Sitting there watching the scene, I wonder how long it has been since I have made it home for a prayer session. I spend my days in front of a computer screen, my nights working out, my weekends running errands and doing chores. Sometimes I drift from the roots that supposedly bind me, from my mother tongue, from my tiny country across the sea. In front of the altar, as an adult woman, I feel small. How many times have I gazed upon the familiar pictures and icons of worship as a little girl, feet bare and hands clasped to show my respects? But when you start drifting, you start forgetting, and I am afraid that one day I will forget how to pray, forget how many times to bow at which altar, in what order, how to formulate the words in my head.
When we were young, my little brother asked me how to pray in front of an altar. What do you do up there? When do you start and end your bows? I was eight years old, and, lacking an adult sophistication to formulate an eloquent explanation, I told him, “Your prayers are your wishes. You stand before your ancestors to tell them what your wishes are.” Perhaps I corrupted them then, so that the spirits of our ancestors became no more than Santa Claus, who only hear from the children of their children, “Dear Ancestor, during this prayer session I pray for a new bike, a better cell phone, and for a big-screen TV.” But in truth, there is some sense in that—your prayers are your wishes, selfless wishes that extend beyond your sphere of control. Sure, you pray for your family’s health and success. But for others,’ too. For how well this year should work out for everyone. For misfortune and all the past hurts and ill luck of the last year to vanish like incense smoke dissipated into thin air.
I stand in front of the altar, the first in line to pray after my parents, as the eldest sibling. In my head, I formulate the prayers in Vietnamese as I have always done. When I was young, I figured that my ancestors would not understand English, and so to get my prayers granted, I must use Vietnamese. I tell them my given name so they would recognize who stands before them, what the occasion is, and why I have come to pray.
“Nam mo a di da phat.
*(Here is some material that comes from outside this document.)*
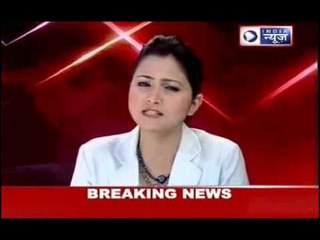 Pakistan Election: Pak mein Nawaz ka Parcham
I am Luu Hong Cuc, and today I come before you to show my respects for Lunar New Year, to invite you to share in our family meal and grace us this year with your blessings.”
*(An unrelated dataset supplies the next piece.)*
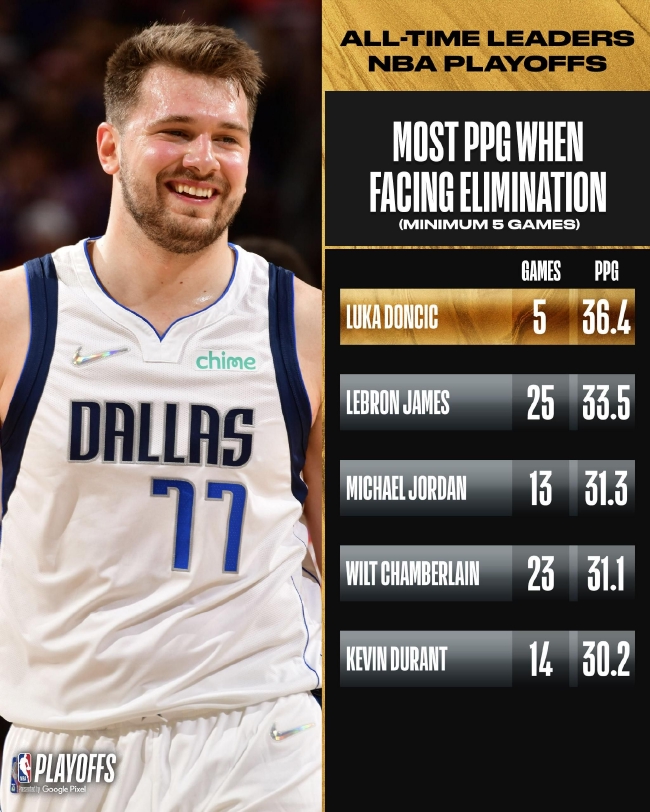 数据不说谎，中国足球离春天近了！今年U21球员出场时间较去年猛增243%（数据佐证中国足球回暖：U21球员出场时间同比激增243%）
I end with a wish. I wish to be rooted, to not forget. I wish to pass on this tradition to my future children, to be wise enough to answer their questions of why we do what we do, and that my current nieces and nephews, born in America, will retain some sense of culture and at least understand our ways even if they choose not to partake in them when they are grown.
I am almost a married woman. Traditionally, married women stop receiving li xi, the lucky red envelopes, and pass them out to the children in her extended family, or her own. Weeks before Tet, I take out new money from the bank, the bills crisp and sharp with their new-money smell. Tet is a time for rebirth, for ushering in a spring that starts everything anew, a time when all old debts are paid, all ill luck washes out, and everyone gets another chance. I stuff the bills into little red envelopes and label each with the name of a younger sibling, niece, or nephew.
And so, little ones who have joined our extended family within the past few years—this earth is still a new place to you, and there is still much to see, taste, hear, touch, and learn. These three days of Tet in the Year of the Dragon, I will spend my time in an office, as will your moms and dads. We busy adults cram our traditional celebrations on the American work schedule. It’s not like in Viet Nam, where all shops would close in honor of one of the most heralded holidays in the country. But on New Year’s Eve, you will hear the firecrackers exploding in the distance to ward off evil spirits, and it will make you wonder. In the next few days, you will get a bright red envelope from your Auntie Daisy. Inside is a crisp new bill just for you. As you grow up, you will look forward—as I have—to getting your own money to spend on sweets, treats, toys, clothes. But even as you grow, think not just about the money inside, but the red envelope itself. See the colorful pictures or the words and characters with their traditional wishing for your well-being. This year, I will not be there to hand it to you. I will not get to hear your sweet, high-pitched voices stutter over the Vietnamese words to pay me back with a blessing. But when you are old enough to wonder why we do this and what it all means, ask your parents, who in their youth have prayed with me at our ancestral altar. Ask how we exchanged stories and laughter over a table filled with traditional foods and how we united and celebrated amidst each other’s company. Ask about all our traditions, and they will tell you the meaning of the spirit of Tet.